Environment Type Migrations Data Backup
Development Local Postgres on host (port 4312) or dockerized Postgres from docker-compose.yml env/db/*.sql applied manually by developer the first time, then *_users_email_unique.sql-style additive scripts run with psql on demand empty none
Test (CI) Postgres 16-alpine from docker-compose.test.yml env/db/*.sql mounted into /docker-entrypoint-initdb.d/sql/, ordered by 00_run_all.sh 99_test_seed.sql (functional) + 500 perf users injected by scripts/run-performance-tests.sh when needed none — down -v between runs
Staging Same Postgres major (16) on the staging server, port 4312, azaion database env/db/*.sql applied manually under change control via psql -U azaion_superadmin. New migrations land in the same numeric-prefix sequence (07_*.sql, 08_*.sql, …) anonymized prod snapshot, refreshed on demand nightly pg_dump snapshot retained 14 days
Production Same Postgres 16 on prod server Same as staging; migration must be applied to staging first, observed for ≥ 24 h, then promoted to prod with operator approval live nightly pg_dump retained 30 days; weekly snapshot retained 12 weeks; off-host copy via rsync

Migration rules (cycle 1)

The project does NOT use an ORM migration framework (linq2db; restrictions.md).

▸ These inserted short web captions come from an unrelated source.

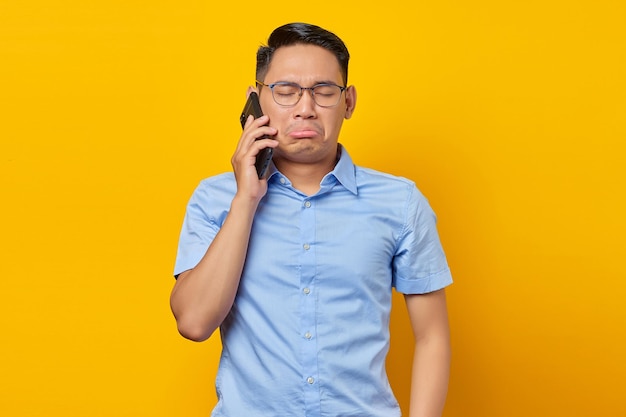 Trauriger junger asiatischer Mann Asiate mit Brille, der am Handy spricht, isoliert auf gelbem Hintergrund Geschäftsmann- und Unternehmerkonzept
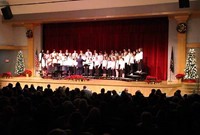 wide shot of seventh and eighth grade chorus on stage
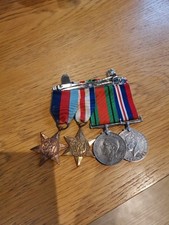 Set of 4 WW2 Original Full Size Medals with Original Ribbons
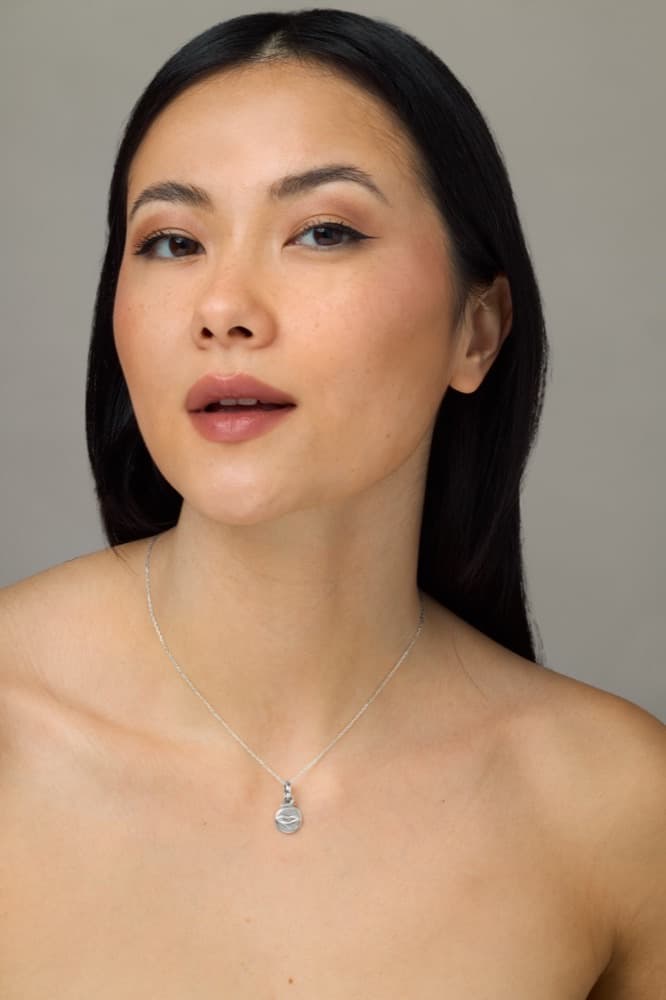 Feminine Empowerment Pendant, worn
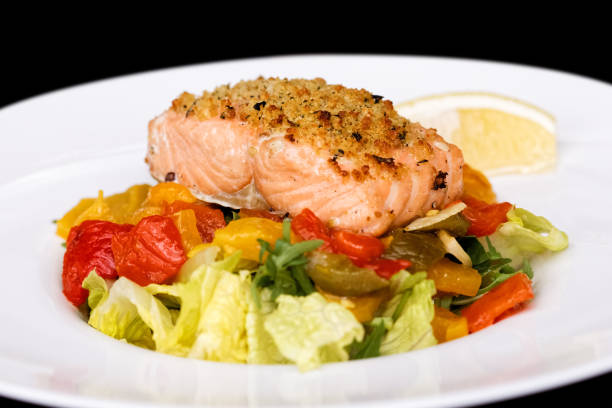 istock Grilled salmon fillet with herb crust on roasted vegetable salad. 863087008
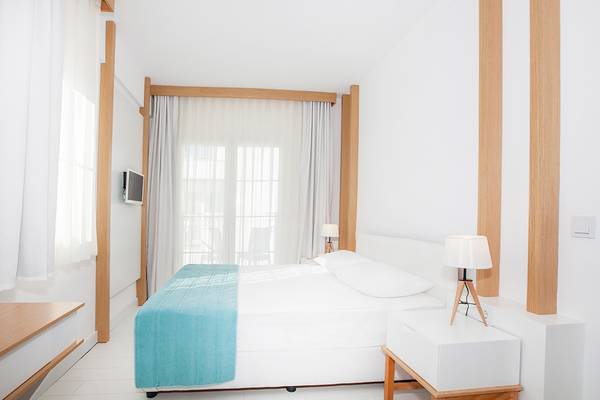 Schlafzimmer im LABRANDA TMT Bodrum Hotel mit weißem Bett, blauer Decke, zwei Lampen und weißem Nachttisch.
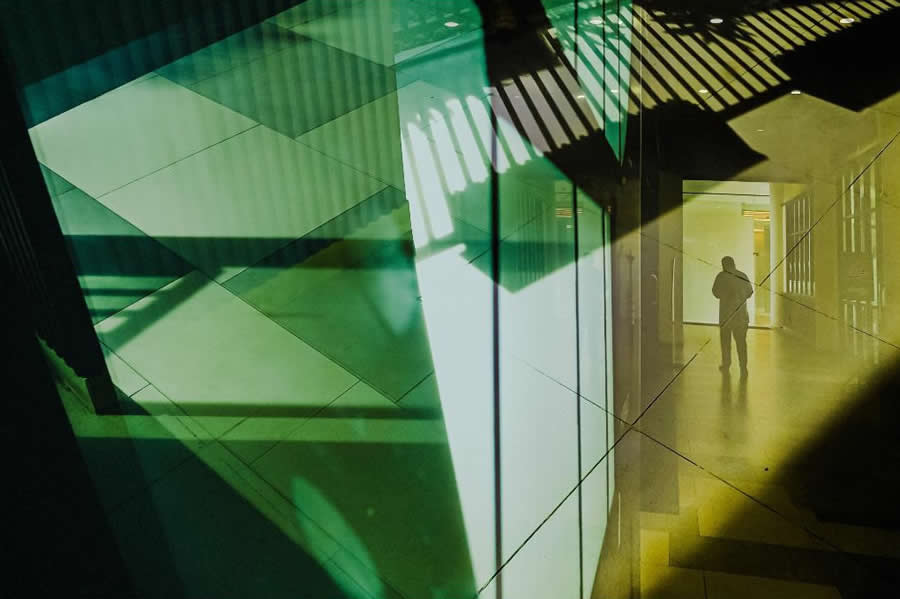 Silhouette of a person seen through layered glass reflections with green and yellow tones, creating geometric shapes and abstract patterns in a modern architectural street photography scene.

The conventions below replace it:

  1. Numeric-prefix ordering — every new migration is added as env/db/NN_<description>.sql where NN continues the existing sequence. The current sequence is 01..06; the next is 07_*.sql.
  2. Forward-only by default. Reversibility is provided by the off-host backup, NOT by hand-written DOWN scripts. The existing files (02_structure.sql, 03_add_timestamp_columns.sql, 04_detection_classes.sql, 06_users_email_unique.sql) follow this pattern; we keep it.
  3. Backward-compatible deploys — every schema change must be safe to apply BEFORE the matching code is deployed (additive change → deploy code → cleanup change in a later release). The cycle 1 example: 06_users_email_unique.sql was applied first; the RegisterUser change to translate 23505 came after. AZ-197's User.Hardware column was kept as a tombstone instead of dropped, for the same reason.
  4. Production migrations need approval — operator manually runs the SQL on prod after staging soak. No automatic CI execution against prod in cycle 1 (Drift J — automation is a future cycle's work).

Drifts logged here

ID Severity Description Resolved In
B Medium No secret manager (status quo: hand-edited host .env) Resolved in spec — sops + age (§3); concrete files + script in Step 7
J Low (NEW) DB migrations applied manually on staging/prod; no automation Carried forward to a future cycle

5. Self-verification

  • Four environments (Dev, Test/CI, Staging, Production) defined with purpose, infrastructure, and data source.
  • Environment variable sourcing matrix references .env.example (Step 1) without duplicating it.
  • No literal secrets in this document — only variable names and tool names.
  • Secret manager chosen for staging/production (sops + age) with rotation policy.
  • Database strategy per environment, including the explicit no-ORM-migrations convention.